The promise and perils of Data.gov lie in the metadata
If metadata collection takes place after the fact, it will not succeed
Virtual-machine technology was tried many times before it took off. Most notably, it was tried in 1966 with O-code for Basic Combined Programming Language, then again in 1978 with p-code for the UCSD P-system. It finally gained widespread popularity with the Java virtual-machine language in 1995.
Similarly, Web applications have been around since 1993 with the Common Gateway Interface. However, only since the advent of Google Maps in 2005 have Web applications become the dominant programming platform.
The point is that some technologies take time to mature. That is the case with metadata catalogs — also known as metadata registries — such as the Environmental Protection Agency’s System of Registries and, potentially, the Obama administration’s Data.gov initiative. Like those other technologies, metadata catalogs have been tried in many forms, but only now are we beginning to see a convergence of tools, processes and principles to make them successful. We will illustrate a few of those principles by correlating EPA’s approach with Data.gov.

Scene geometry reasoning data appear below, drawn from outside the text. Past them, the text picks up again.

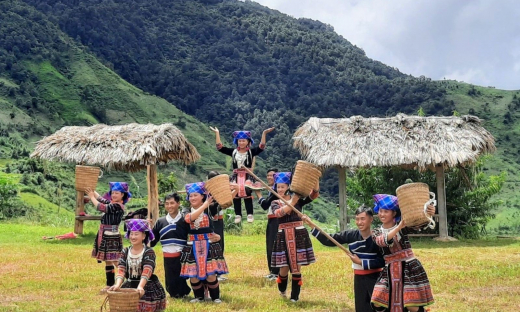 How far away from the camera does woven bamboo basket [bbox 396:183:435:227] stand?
5.31 meters

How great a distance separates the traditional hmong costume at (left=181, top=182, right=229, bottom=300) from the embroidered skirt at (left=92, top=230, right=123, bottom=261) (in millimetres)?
1345

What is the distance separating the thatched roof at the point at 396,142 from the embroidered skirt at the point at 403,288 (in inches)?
402

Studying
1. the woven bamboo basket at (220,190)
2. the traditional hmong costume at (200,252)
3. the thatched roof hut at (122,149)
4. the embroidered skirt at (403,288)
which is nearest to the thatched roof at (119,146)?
the thatched roof hut at (122,149)

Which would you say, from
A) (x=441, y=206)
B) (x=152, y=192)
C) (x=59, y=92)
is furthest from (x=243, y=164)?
(x=59, y=92)

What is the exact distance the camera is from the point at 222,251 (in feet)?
27.3

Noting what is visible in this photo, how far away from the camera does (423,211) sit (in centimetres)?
530

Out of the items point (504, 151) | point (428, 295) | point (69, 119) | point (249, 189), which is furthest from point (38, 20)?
point (428, 295)

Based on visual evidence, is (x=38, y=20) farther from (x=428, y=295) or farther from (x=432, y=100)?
(x=428, y=295)

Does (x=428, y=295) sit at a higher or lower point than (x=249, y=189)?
lower

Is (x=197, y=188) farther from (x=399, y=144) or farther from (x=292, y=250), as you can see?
(x=399, y=144)

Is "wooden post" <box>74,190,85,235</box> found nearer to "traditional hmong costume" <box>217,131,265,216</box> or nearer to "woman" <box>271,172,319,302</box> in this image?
"traditional hmong costume" <box>217,131,265,216</box>

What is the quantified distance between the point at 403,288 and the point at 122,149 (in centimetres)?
1142

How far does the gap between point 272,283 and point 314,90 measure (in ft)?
191

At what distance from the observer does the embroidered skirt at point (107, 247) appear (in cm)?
861
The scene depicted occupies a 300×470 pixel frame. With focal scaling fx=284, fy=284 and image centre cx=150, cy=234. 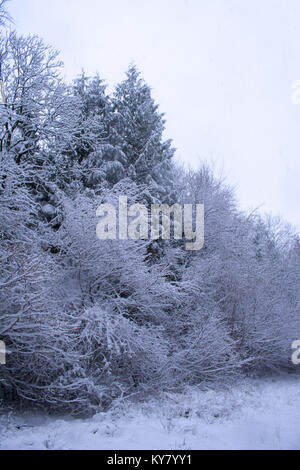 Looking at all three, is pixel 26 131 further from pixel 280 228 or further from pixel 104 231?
pixel 280 228

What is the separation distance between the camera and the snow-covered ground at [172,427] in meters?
4.53

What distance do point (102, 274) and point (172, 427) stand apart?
462 centimetres

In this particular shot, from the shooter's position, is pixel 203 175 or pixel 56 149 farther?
pixel 203 175

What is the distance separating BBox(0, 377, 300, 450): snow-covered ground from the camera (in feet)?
14.9

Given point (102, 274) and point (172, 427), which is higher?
point (102, 274)

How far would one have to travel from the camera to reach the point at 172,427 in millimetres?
5293

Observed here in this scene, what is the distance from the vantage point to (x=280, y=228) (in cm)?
3578

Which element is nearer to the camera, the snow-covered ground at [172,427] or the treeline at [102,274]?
the snow-covered ground at [172,427]

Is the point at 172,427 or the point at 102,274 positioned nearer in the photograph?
the point at 172,427

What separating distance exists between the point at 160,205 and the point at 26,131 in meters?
6.10

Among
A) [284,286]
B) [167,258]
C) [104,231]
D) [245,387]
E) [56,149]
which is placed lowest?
[245,387]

I recently attended EPA’s System of Registries Conference with some National Oceanic and Atmospheric Administration employees with the hope of capturing and transferring lessons learned. EPA is using an approach to metadata collection in which multiple registries cooperate to create a cohesive whole. For EPA, the registries cover systems, services, substances, components, terminology and facilities. They work together and reinforce one another as a single, interrelated enterprise resource.
Data.gov also cooperates with existing agency Web sites and catalogs instead of trying to host everything. In that capacity, it acts as a registry of registries or a metadata traffic cop for the federal government. The principle is that metadata collection can mature and evolve over multiple iterations as organizational processes, systems and terminology change. The notion reflects the nature of metadata and leads us to our next topic: metadata design.
As I detailed in a previous commentary, titled “Metadata’s new name is TED,” metadata design involves understanding how metadata represents Targeted Extrinsic Description. The process involves capturing descriptive characteristics about something — such as an information technology system or process — that assists in its use or management. A system of registries is a good example of metadata design in that each registry has a specific target or focus. By not trying to develop a single, generic metadata registry, you avoid bloating the number of characteristics you attempt to collect.
The second key principle involves targeting your metadata design. One of the best ways to target a registry is to focus on consumer-oriented outcomes such as discovery. It is typically expressed in answering a question such as, “What authoritative data source (or IT system) stores data on Chemical Substance X?” We see the Obama administration tentatively testing that principle by actively seeking feedback from users about what they want from Data.gov. That is a Web 2.0 method for determining what consumer-oriented outcomes to focus on and will certainly put the wisdom of crowds to the test.
Besides the promising indicators of a holistic, system-of-registries approach and targeted metadata design, there is also convergence around the best practices for avoiding the pitfalls of weak governance and integration. Metadata registries must be integrated into everyday business processes, and IT-centric metadata must be integrated into the system development life cycle.
I have seen metadata registries fail because that principle was ignored. If metadata collection takes place after the fact, it will not succeed because it will not accurately reflect the current state of the organization. That is probably the most serious peril facing Data.gov.
Additionally, a system of registries will require a single overarching metamodel to ensure that the registries actually cooperate and act as a single system. What we don’t need is to replace data stovepipes with metadata stovepipes.